§ Exercise instructions: Restate word for word the lines of the entries below, starting with the line that holds "Bedrooms in owner-occupied" and ending with the line that holds "KINK - BRACCIALI", and no others.

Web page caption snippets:
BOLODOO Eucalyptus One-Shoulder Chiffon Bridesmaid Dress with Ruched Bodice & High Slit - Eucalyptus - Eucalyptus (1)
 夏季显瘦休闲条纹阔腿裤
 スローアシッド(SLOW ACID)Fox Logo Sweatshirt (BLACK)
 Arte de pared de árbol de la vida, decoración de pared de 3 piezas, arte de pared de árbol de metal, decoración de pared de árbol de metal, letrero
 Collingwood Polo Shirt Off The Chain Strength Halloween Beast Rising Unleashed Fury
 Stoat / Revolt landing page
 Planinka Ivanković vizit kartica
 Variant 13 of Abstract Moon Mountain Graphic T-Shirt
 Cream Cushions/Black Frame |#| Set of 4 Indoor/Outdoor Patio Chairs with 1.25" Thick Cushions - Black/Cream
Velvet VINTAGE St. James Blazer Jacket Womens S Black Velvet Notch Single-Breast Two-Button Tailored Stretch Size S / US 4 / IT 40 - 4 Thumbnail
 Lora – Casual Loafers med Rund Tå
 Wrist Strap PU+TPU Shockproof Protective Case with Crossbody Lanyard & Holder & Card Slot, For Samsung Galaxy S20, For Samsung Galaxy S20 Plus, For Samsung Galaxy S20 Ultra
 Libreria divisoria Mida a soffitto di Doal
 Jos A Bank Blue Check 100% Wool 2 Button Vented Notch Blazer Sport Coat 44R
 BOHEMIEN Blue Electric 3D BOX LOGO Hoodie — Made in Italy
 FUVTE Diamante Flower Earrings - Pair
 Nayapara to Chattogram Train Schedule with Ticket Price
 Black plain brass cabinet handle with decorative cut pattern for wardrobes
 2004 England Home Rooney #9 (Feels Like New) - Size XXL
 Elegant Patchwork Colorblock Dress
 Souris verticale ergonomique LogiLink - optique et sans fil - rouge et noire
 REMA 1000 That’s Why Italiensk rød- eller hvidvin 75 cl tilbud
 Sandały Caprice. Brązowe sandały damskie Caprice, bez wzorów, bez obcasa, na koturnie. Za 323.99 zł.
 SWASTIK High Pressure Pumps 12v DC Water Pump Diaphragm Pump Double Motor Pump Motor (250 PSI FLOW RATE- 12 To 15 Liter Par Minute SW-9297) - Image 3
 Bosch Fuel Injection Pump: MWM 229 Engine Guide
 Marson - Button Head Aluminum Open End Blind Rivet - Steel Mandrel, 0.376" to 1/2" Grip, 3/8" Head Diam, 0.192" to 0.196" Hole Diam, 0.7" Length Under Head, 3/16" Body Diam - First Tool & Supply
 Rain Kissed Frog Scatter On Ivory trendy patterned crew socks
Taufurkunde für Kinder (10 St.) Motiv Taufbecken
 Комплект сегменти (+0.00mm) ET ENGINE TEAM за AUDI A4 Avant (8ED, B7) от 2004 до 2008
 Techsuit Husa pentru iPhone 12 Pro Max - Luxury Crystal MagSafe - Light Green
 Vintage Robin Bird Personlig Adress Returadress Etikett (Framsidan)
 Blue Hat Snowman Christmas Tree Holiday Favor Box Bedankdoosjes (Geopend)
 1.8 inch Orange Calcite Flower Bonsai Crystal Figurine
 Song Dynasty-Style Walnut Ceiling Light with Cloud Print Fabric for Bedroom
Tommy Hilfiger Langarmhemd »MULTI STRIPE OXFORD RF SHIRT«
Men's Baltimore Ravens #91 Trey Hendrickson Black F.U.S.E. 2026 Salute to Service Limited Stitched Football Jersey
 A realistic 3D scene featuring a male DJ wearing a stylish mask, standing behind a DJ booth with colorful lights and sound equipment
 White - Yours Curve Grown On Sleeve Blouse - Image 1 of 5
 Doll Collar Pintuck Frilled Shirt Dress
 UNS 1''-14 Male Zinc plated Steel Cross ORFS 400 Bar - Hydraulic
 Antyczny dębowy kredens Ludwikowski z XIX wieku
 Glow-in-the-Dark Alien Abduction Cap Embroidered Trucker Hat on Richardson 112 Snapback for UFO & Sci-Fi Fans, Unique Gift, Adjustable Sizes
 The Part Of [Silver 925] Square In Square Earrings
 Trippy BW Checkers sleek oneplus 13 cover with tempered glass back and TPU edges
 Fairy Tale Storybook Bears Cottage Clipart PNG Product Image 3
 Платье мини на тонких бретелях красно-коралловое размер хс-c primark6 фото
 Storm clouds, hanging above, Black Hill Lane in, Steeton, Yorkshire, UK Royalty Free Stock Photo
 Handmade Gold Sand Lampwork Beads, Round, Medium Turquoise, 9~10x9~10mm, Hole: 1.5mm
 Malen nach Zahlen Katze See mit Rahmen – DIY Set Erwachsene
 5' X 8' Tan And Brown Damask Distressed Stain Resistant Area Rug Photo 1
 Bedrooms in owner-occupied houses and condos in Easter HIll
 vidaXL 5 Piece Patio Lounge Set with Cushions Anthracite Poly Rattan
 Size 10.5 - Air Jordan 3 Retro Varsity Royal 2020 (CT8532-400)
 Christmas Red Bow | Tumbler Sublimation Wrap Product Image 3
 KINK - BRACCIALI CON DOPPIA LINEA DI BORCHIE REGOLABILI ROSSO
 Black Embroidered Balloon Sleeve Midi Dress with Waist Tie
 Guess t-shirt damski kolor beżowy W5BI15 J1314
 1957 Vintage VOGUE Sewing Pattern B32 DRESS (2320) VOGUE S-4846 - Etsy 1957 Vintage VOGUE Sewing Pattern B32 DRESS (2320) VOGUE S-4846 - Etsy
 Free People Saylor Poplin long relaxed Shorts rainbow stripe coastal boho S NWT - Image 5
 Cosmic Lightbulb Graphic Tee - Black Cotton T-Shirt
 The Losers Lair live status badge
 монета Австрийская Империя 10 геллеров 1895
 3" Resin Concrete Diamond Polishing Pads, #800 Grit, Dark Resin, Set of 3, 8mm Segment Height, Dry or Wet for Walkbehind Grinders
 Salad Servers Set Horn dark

§ Result for this task:
 Bedrooms in owner-occupied houses and condos in Easter HIll
 vidaXL 5 Piece Patio Lounge Set with Cushions Anthracite Poly Rattan
 Size 10.5 - Air Jordan 3 Retro Varsity Royal 2020 (CT8532-400)
 Christmas Red Bow | Tumbler Sublimation Wrap Product Image 3
 KINK - BRACCIALI CON DOPPIA LINEA DI BORCHIE REGOLABILI ROSSO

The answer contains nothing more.